AVAILABLE DATA: Begin

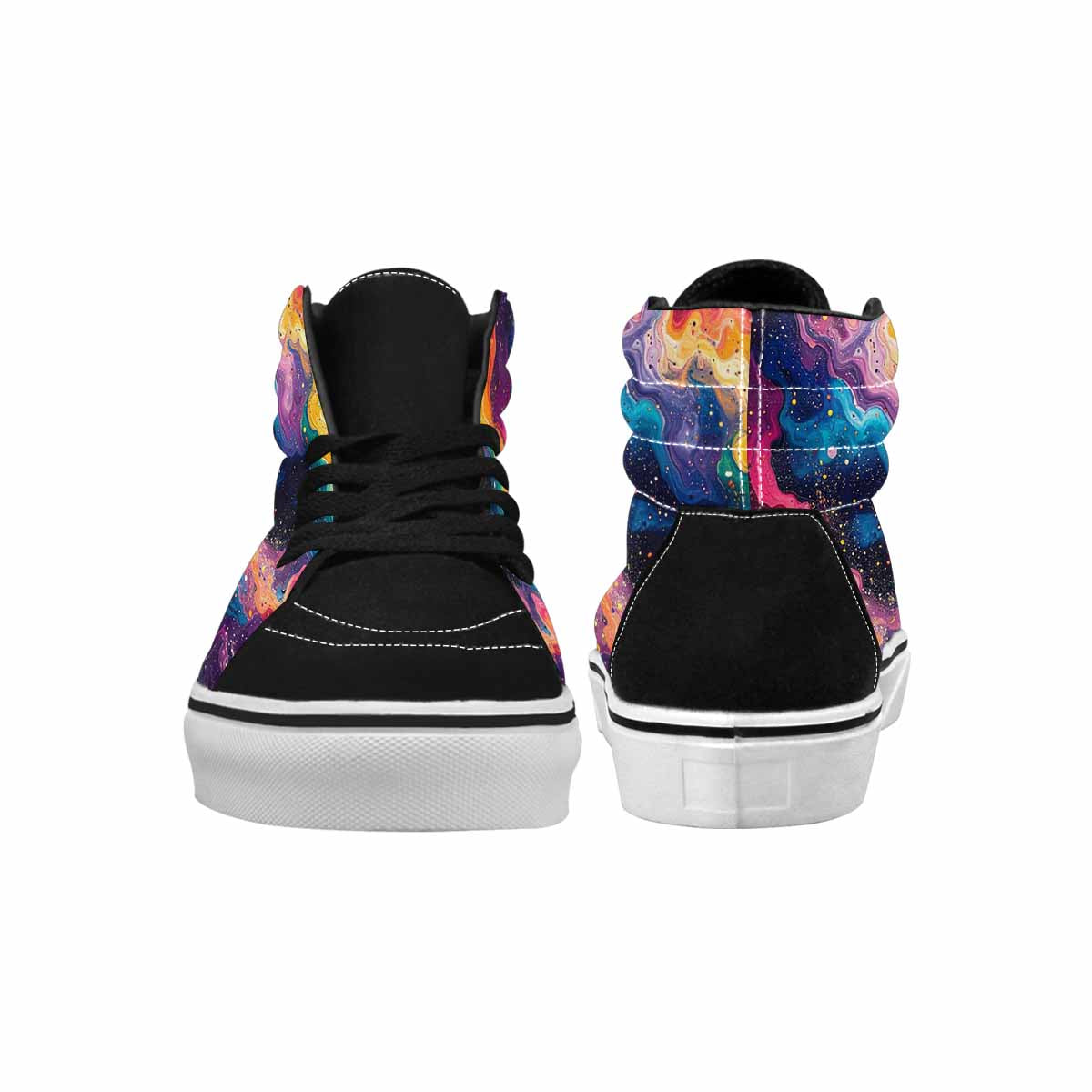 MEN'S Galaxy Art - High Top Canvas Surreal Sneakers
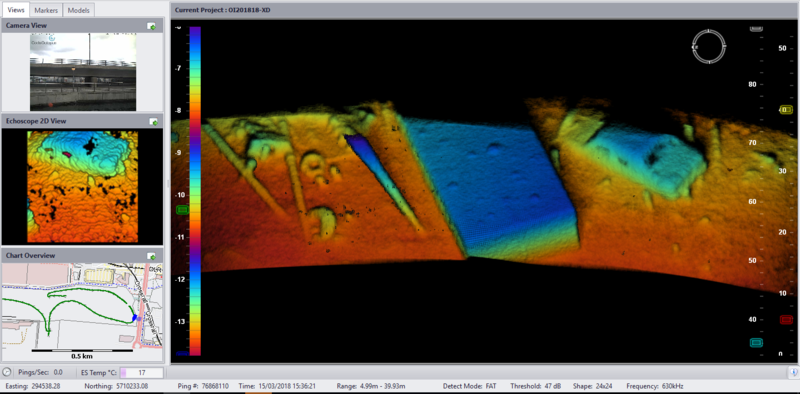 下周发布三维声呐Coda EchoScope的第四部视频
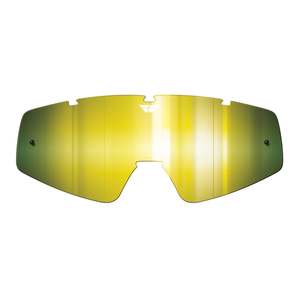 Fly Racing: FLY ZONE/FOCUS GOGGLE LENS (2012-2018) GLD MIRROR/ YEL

AVAILABLE DATA: End

**PROBLEM REQUIREMENTS:** Would you please set down the data above again exactly, without its pictures?

**EXERCISE ANSWER:**
 MEN'S Galaxy Art - High Top Canvas Surreal Sneakers
 下周发布三维声呐Coda EchoScope的第四部视频
 Fly Racing: FLY ZONE/FOCUS GOGGLE LENS (2012-2018) GLD MIRROR/ YEL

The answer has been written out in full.